There are many range finders in the market today, so what makes Leupold’s 2012 GX Golf Rangefinders different? The difference is in the “smart key” technology that gives more detailed information than simple distances. For instance, it can tell if the flag, bunker or whatever you’re targeting is uphill or downhill and will adjust distances. It’s the equivalent of actual distance versus what the target is playing.
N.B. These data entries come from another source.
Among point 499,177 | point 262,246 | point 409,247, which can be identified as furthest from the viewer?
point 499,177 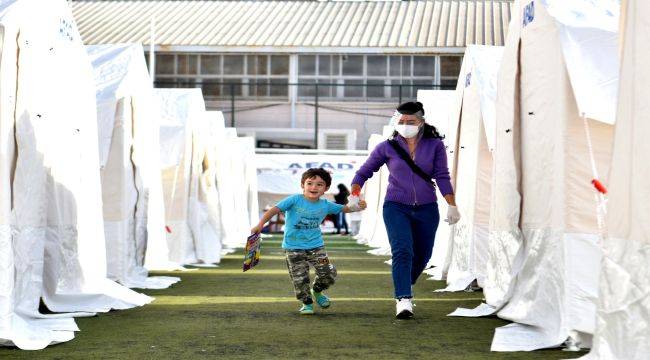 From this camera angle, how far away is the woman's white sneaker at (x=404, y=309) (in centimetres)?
940

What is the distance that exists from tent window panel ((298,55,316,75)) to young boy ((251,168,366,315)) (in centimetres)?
3314

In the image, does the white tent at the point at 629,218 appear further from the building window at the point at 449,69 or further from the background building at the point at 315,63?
the building window at the point at 449,69

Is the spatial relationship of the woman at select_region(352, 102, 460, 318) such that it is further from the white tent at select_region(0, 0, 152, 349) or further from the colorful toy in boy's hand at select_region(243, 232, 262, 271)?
the white tent at select_region(0, 0, 152, 349)

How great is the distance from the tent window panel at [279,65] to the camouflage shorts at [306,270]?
109ft

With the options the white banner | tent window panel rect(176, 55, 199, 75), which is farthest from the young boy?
tent window panel rect(176, 55, 199, 75)

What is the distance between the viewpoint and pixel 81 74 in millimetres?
11172

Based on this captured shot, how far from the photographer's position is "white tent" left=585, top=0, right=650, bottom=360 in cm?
596

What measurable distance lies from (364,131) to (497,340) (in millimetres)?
34224

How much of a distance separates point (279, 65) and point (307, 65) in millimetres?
1089

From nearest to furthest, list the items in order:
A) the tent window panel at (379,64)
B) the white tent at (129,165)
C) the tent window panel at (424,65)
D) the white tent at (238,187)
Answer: the white tent at (129,165), the white tent at (238,187), the tent window panel at (424,65), the tent window panel at (379,64)

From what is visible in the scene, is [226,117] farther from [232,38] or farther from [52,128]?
[52,128]

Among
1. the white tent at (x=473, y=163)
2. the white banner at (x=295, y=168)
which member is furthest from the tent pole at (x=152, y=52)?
the white tent at (x=473, y=163)

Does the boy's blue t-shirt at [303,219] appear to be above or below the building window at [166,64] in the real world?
below

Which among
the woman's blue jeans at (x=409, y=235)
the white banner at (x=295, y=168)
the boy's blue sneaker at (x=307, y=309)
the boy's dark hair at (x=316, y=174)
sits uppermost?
the boy's dark hair at (x=316, y=174) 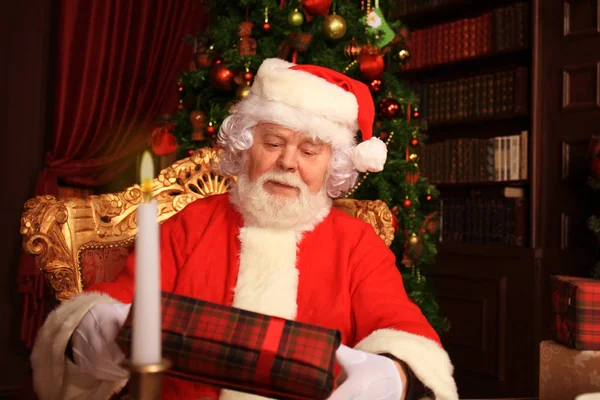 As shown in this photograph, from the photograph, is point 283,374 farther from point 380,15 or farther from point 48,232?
point 380,15

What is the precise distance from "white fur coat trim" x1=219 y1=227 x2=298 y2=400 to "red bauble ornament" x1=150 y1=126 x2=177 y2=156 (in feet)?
4.74

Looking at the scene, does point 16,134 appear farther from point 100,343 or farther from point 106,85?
point 100,343

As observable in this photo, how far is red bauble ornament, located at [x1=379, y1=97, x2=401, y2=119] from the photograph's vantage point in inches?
120

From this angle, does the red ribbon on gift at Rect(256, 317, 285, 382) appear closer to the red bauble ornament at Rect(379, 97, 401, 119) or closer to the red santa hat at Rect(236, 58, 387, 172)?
the red santa hat at Rect(236, 58, 387, 172)

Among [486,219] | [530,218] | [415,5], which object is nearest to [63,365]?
[530,218]

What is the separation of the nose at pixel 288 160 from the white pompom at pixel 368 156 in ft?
0.70

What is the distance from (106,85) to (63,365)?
2.61 m

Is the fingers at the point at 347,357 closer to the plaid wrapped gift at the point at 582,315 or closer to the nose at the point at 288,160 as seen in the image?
the plaid wrapped gift at the point at 582,315

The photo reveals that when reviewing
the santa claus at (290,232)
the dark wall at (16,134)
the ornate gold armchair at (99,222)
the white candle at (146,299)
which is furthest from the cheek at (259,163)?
the dark wall at (16,134)

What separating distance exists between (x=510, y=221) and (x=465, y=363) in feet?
3.01

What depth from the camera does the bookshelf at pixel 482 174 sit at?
3650mm

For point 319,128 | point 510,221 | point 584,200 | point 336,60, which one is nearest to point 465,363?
point 510,221

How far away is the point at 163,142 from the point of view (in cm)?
311

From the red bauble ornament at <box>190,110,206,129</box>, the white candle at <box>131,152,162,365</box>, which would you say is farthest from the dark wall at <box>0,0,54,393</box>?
the white candle at <box>131,152,162,365</box> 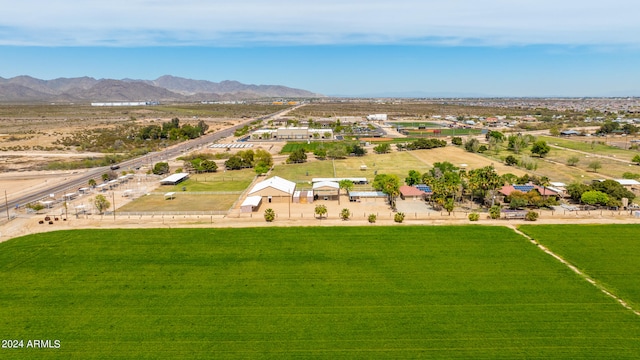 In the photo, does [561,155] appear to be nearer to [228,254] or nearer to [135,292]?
[228,254]

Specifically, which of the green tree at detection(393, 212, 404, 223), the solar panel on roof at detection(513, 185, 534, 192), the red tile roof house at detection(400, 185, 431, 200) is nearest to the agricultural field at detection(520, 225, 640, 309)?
the green tree at detection(393, 212, 404, 223)

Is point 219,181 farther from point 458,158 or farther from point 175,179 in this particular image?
point 458,158

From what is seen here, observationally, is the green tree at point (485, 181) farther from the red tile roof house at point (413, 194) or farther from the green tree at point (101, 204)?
the green tree at point (101, 204)

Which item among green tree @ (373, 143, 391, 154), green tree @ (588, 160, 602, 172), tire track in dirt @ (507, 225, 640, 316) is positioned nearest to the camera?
tire track in dirt @ (507, 225, 640, 316)

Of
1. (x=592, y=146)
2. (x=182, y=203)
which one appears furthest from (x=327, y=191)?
(x=592, y=146)

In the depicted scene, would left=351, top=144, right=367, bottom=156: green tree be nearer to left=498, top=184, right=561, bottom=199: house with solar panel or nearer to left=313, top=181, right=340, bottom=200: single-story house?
left=313, top=181, right=340, bottom=200: single-story house

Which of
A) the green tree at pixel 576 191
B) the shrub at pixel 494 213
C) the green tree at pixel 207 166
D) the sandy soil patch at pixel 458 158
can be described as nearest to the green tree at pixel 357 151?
the sandy soil patch at pixel 458 158
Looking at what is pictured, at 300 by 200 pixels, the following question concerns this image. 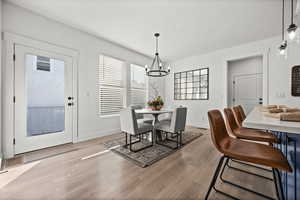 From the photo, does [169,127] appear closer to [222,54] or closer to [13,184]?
[13,184]

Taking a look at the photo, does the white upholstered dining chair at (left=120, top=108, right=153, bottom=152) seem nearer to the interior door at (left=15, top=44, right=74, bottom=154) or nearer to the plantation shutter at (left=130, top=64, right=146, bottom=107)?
the interior door at (left=15, top=44, right=74, bottom=154)

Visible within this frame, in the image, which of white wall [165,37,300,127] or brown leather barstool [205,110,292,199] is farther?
white wall [165,37,300,127]

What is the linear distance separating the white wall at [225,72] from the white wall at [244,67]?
0.48 meters

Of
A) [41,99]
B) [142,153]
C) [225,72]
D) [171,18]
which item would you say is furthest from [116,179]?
[225,72]

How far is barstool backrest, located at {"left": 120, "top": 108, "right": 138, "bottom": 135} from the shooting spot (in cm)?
231

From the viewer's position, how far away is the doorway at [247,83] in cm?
395

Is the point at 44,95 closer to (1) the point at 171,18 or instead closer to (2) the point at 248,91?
(1) the point at 171,18

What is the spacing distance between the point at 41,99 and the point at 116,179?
230 centimetres

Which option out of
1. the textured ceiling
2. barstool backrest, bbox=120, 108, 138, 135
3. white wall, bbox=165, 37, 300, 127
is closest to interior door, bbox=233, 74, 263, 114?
white wall, bbox=165, 37, 300, 127

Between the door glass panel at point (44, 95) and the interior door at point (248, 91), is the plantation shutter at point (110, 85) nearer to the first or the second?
the door glass panel at point (44, 95)

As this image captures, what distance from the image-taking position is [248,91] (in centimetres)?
412

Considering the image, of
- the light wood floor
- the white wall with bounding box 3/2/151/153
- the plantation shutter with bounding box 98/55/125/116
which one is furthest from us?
the plantation shutter with bounding box 98/55/125/116

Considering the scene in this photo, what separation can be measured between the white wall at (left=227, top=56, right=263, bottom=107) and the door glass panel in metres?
5.00

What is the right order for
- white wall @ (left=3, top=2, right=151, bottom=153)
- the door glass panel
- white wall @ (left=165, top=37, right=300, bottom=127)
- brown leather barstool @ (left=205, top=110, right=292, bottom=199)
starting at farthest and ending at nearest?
white wall @ (left=165, top=37, right=300, bottom=127) < the door glass panel < white wall @ (left=3, top=2, right=151, bottom=153) < brown leather barstool @ (left=205, top=110, right=292, bottom=199) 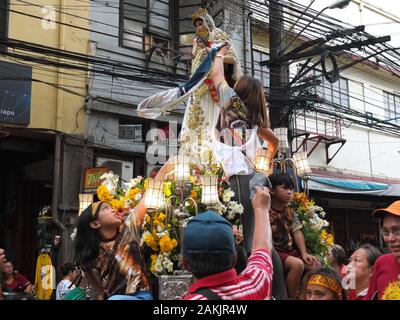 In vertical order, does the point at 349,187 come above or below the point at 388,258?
above

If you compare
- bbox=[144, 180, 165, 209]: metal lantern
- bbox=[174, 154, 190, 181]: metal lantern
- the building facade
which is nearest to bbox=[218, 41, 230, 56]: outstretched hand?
bbox=[174, 154, 190, 181]: metal lantern

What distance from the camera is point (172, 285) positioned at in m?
3.70

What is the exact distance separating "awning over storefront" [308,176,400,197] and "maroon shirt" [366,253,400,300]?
9.52 metres

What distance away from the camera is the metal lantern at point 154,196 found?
4.21 metres

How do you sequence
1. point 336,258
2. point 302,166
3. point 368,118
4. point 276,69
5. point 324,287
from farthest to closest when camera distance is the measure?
point 368,118, point 276,69, point 302,166, point 336,258, point 324,287

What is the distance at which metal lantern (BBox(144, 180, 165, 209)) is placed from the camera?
4207 mm

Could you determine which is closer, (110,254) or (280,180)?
(110,254)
Also, the GX-4i version comes with a detachable smart key that turns a simple rangefinder into a device that acts like an actual caddie. The smart key attachment also adds the “True Golf Range” and “Club Selector” features that, after inputting your distances with a few different irons, will give you a club suggestion for the shot you’re targeting with the rangefinder. Imagine having a 132-yard shot and an uphill lie. Because you normally hit a 9-iron 130 yards, the GX-4i will adjust the distance for an uphill green and suggest you hit 8-iron instead.
The GX rangefinders are durable and a perfect size. They feel comfortable in the hand. The red interface that displays when you look through the eyepiece is a welcome upgrade from rangefinders that use a simple grayscale. Check out golf.leupold.com for specs and details.
If you’re looking to improve your game, set up and posture might be a good place to start – and Smart Body Golf’s Leverage Discs can help keep you stable. A large number of golfers fall into the bad habit of starting their swing poorly. Lower body stability, preventing swaying, and increasing quality rotational movement patterns all can be achieved by spending a few minutes every day on the Leverage Discs.
Each disc is about three pounds, 13 inches in diameter and made of PVC so they won’t slip when you’re standing on them. Taking swings with a club or even empty-handed if you don’t have room can help your posture and weight distribution immensely.
The discs can help your swing from the ground up, literally. Weight transfer is where a lot of players get stuck because they’re leaning out in front of the ball and leaving the clubface open. Staying centered and rotating around your spine will help you square the clubface. Grab a pair of Leverage Discs and focus on turning rather than shifting.